The system that already exists
CE marking runs on the New Legislative Framework from 2008. The process hasn't changed fundamentally in decades:
- Identify which directives and regulations apply (LVD, EMC, RED, Machinery Regulation, RoHS, etc.)
- Pick a conformity assessment module from Decision 768/2008/EC
- Compile a technical file
- Write your EU Declaration of Conformity
- Affix the CE mark
Harmonised standards (hENs) developed by CEN, CENELEC and ETSI get cited in the Official Journal. If you conform to the cited standard, you get a presumption of conformity with the essential requirements of the underlying legislation. Simple in theory. Messy in practice, as the 62368-1 saga shows.

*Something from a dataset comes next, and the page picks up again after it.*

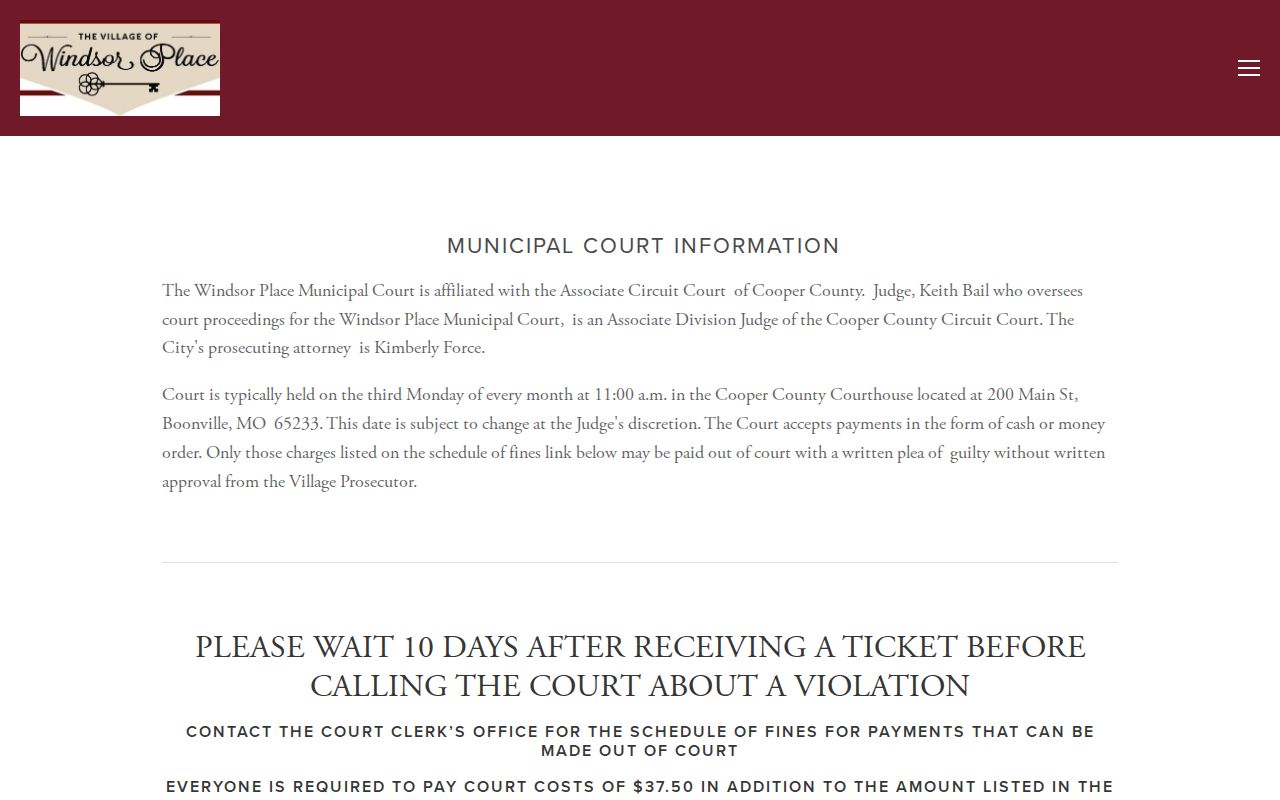 Windsor Place court record and municipal court instructions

Now layer on top: RoHS. REACH. POPs. WEEE registration. EPREL energy labelling. The Cyber Resilience Act (Regulation 2024/2847) for connected devices. Battery Regulation if you have an integrated battery. And soon, the DPP.

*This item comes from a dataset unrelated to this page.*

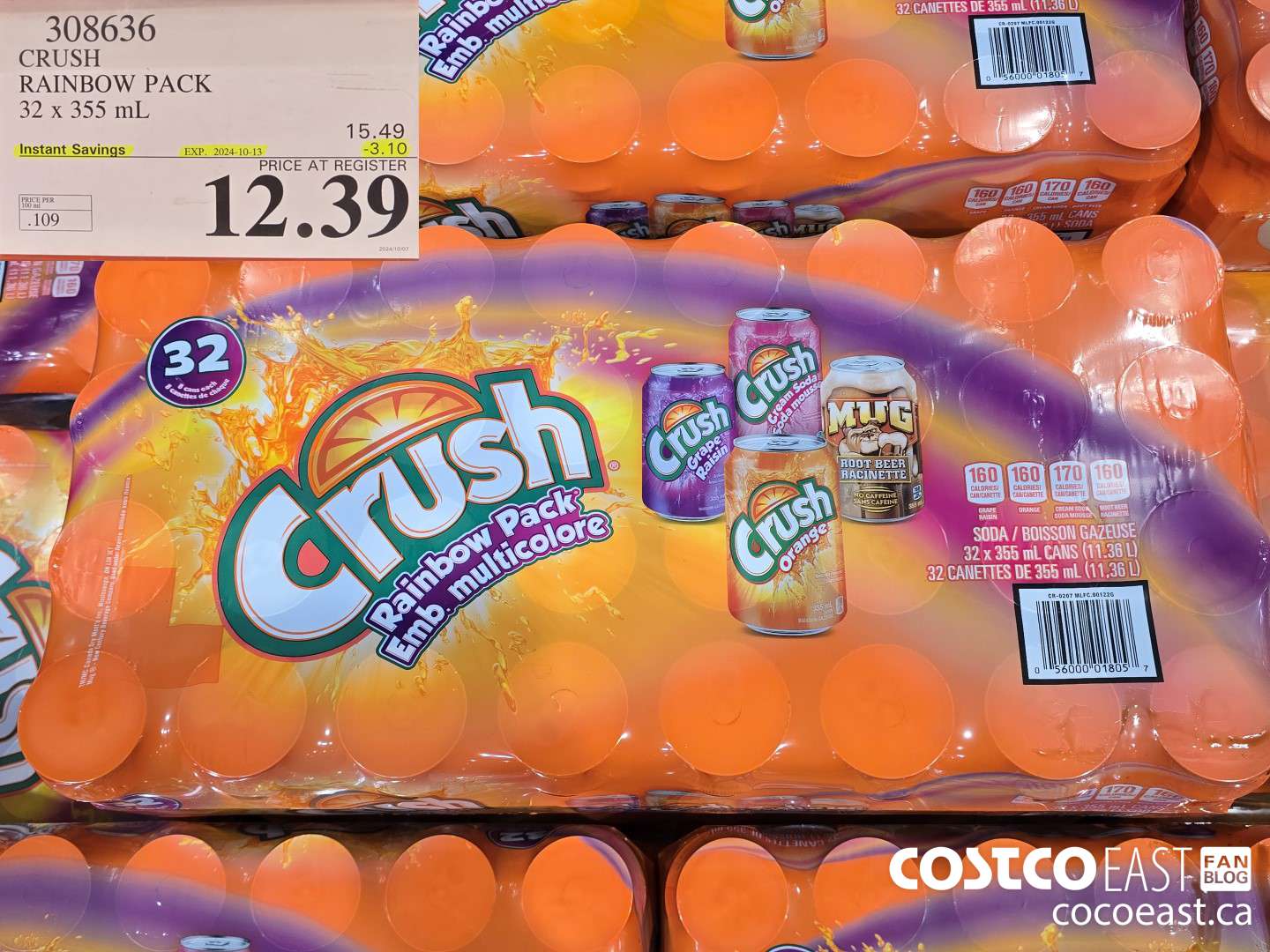 308636 CRUSH RAINBOW PACK 32 X 355 ML ($3.10 INSTANT SAVINGS EXPIRES ON 2024-10-13) $12.39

For a typical midmarket electronics manufacturer, that's eight or nine separate compliance tracks. Each with its own data fields, audit obligations, and supplier dependencies.
Here's where the DPP changes the game
The Commission's Omnibus IV package (May 2025) amended 20 pieces of CE mark legislation. The key change: digital Declarations of Conformity and digital instructions for use can now be delivered through the DPP.
Read that again. Your Declaration of Conformity is going digital. And it's going into the DPP.
The European Product Act (planned Q3 2026) will take this further. Two public consultations launched November 2025 on the New Legislative Framework and the Market Surveillance Regulation. What's coming:
- The DPP becomes the standard digital compliance container across nearly all harmonised product law
- Customs authorities run automatic checks against DPP data on imports
- Clearer responsibilities for refurbished and second life goods, linked to DPP lifecycle events
- Tighter rules on notified bodies and online marketplace responsibility
- Aligned definitions across product legislation
The DPP isn't replacing CE marking. It's absorbing it. The technical file, the DoC, the test reports, the standards references. All of it eventually funnels into a structured, machine readable, QR accessible digital record.
The standards backbone being built right now
CEN-CENELEC JTC 24 is the joint technical committee writing the harmonised standards that make the DPP actually work. About 130 experts from 20 countries. Chaired by Prof. Thomas Knothe at Fraunhofer. Eight standards covering the full architecture:
- EN 18219: Unique identifiers
- EN 18220: Data carriers (physical product to digital link)
- EN 18216: Data exchange protocols
- EN 18221: Data storage and persistence
- EN 18222: APIs for passport lifecycle management
- EN 18223: System interoperability
- EN 18239: Access rights and security
- EN 18246: Data authentication and integrity
Six of the eight are at final draft stage. Publication is targeted for around March 2026. The security and authentication standards (EN 18239, EN 18246) are behind schedule and expected by September 2026.
The mandate explicitly requires the system to be vendor independent and technology neutral. JSON-LD for structured data. EPCIS 2.0 for supply chain events. W3C Verifiable Credentials for tamper evident records. GS1 Digital Link URIs in QR codes.
What to do about it
If you're in product development or regulatory affairs for physical products sold in the EU, you're now running two parallel compliance tracks whether you like it or not:
Track 1: Classical CE/EN safety conformity. Still mandatory. Still messy. Check whether your harmonised standard is actually cited in the OJEU. If it isn't (hello, 62368-1), plan your Delta Analysis now.
Track 2: Structured DPP data regime. Map every potential DPP field to a current data source. Flag every field that lives in an unstructured format. Start building the master data backbone before your product category's delegated act drops, because 18 months goes fast.
The companies that built a regulation agnostic data architecture early will absorb new categories with marginal effort. Everyone else will be scrambling every time a new delegated act publishes.
That's not a prediction. That's the design of the system.